> Assigned task: For each entry below, copy the text exactly and leave out any picture.

> Given entries:
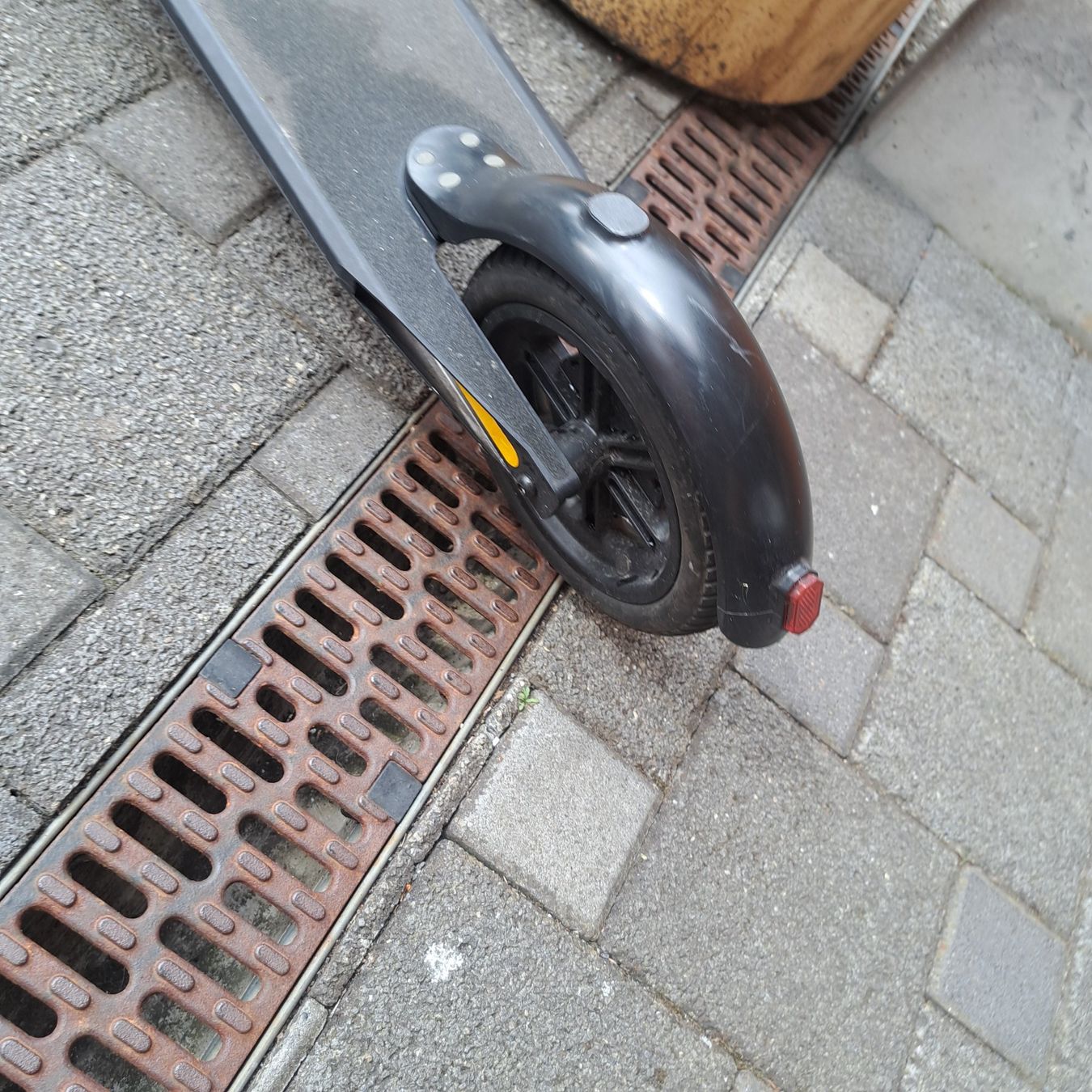 Kickboard: e-trotti – Difettoso da Benzenschwil venduto da 007tinu 1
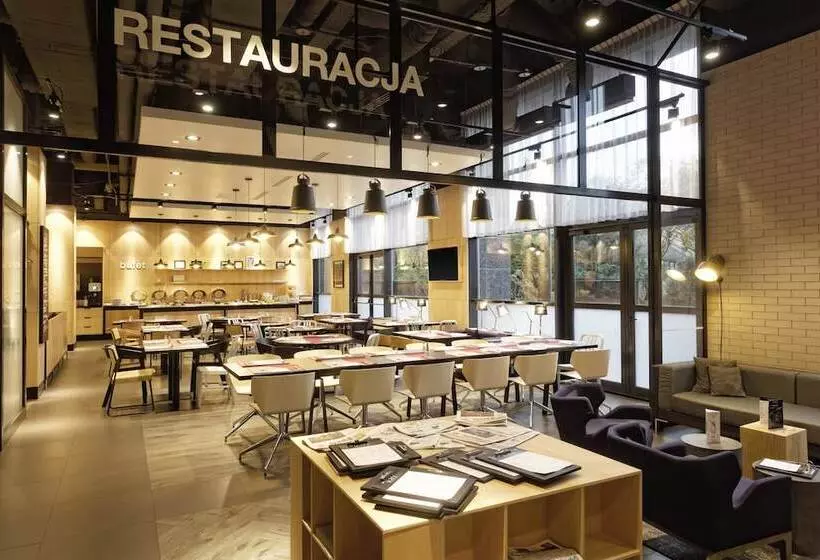 호텔 Campanile Warszawa Centrum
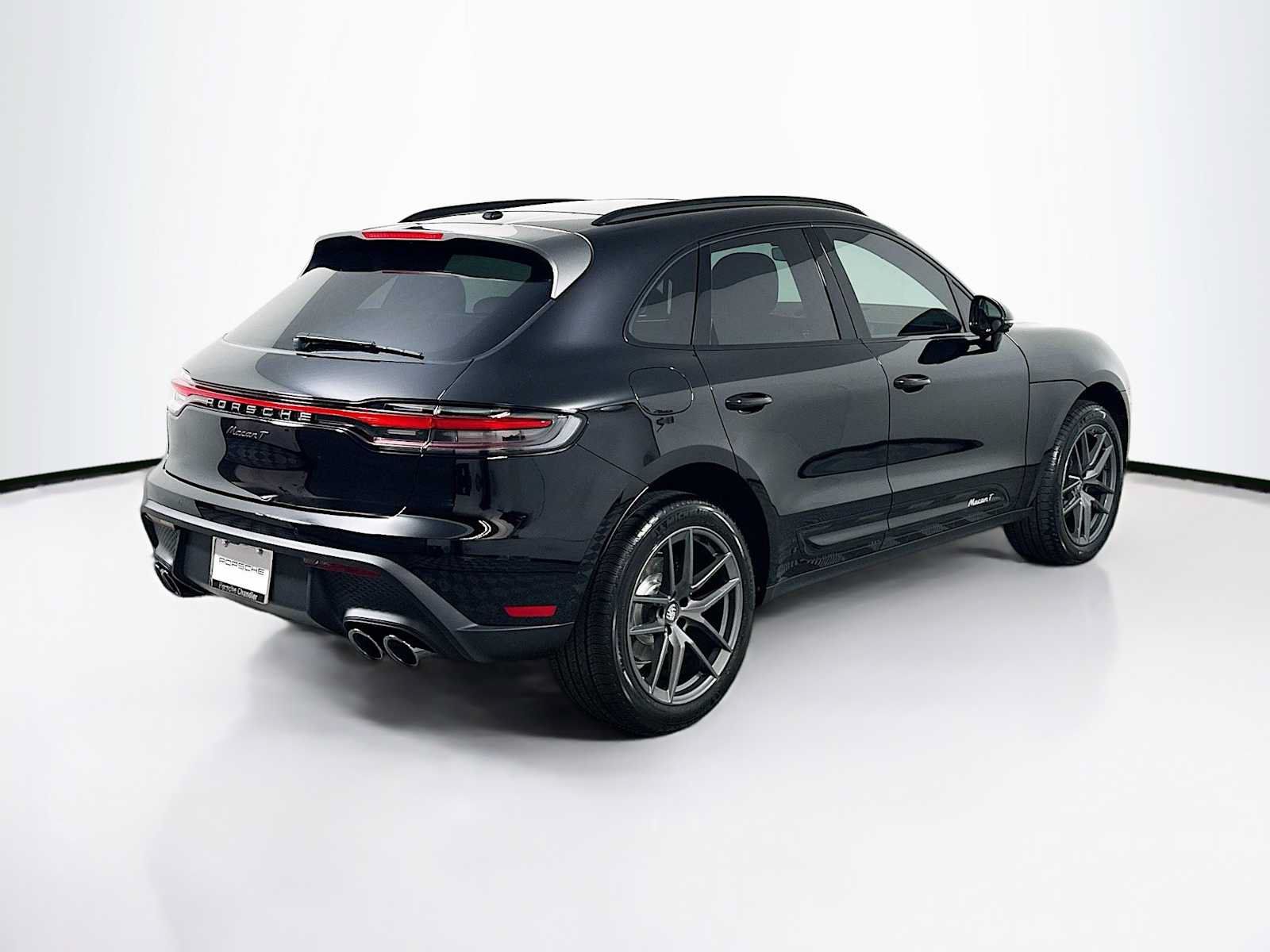 Used 2026 Porsche Macan Turbo AWD/4WD image 9
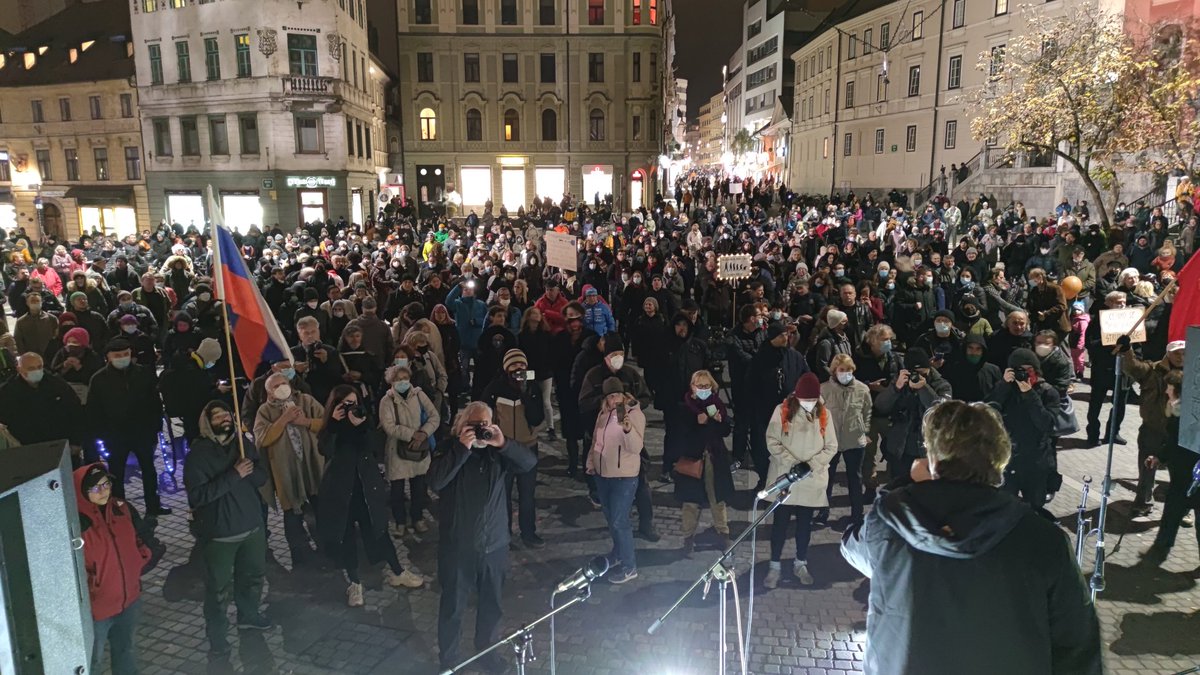 kosmacg's tweet photo. Jenull: Naucili smo se, da se lahko zanesemo le na povezano in složno civilno družbo.  Gaja Brecelj, Umanotera: Referendum o vodah je pokazal, da obstaja velik konsenz glede ohranitve narave. Glas ljudstva glede podnebne krize pričakuje ukrepanje! @rtvslo #petkovprotest https://t.co/EYBd0skEQk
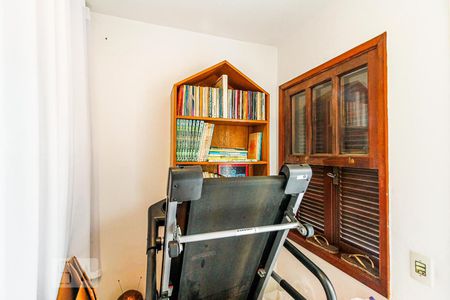 Casa à venda com 127m², 4 quartos e 2 vagasQuarto de Serviço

> Completed task:
 Kickboard: e-trotti – Difettoso da Benzenschwil venduto da 007tinu 1
 호텔 Campanile Warszawa Centrum
 Used 2026 Porsche Macan Turbo AWD/4WD image 9
 kosmacg's tweet photo. Jenull: Naucili smo se, da se lahko zanesemo le na povezano in složno civilno družbo.  Gaja Brecelj, Umanotera: Referendum o vodah je pokazal, da obstaja velik konsenz glede ohranitve narave. Glas ljudstva glede podnebne krize pričakuje ukrepanje! @rtvslo #petkovprotest https://t.co/EYBd0skEQk
 Casa à venda com 127m², 4 quartos e 2 vagasQuarto de Serviço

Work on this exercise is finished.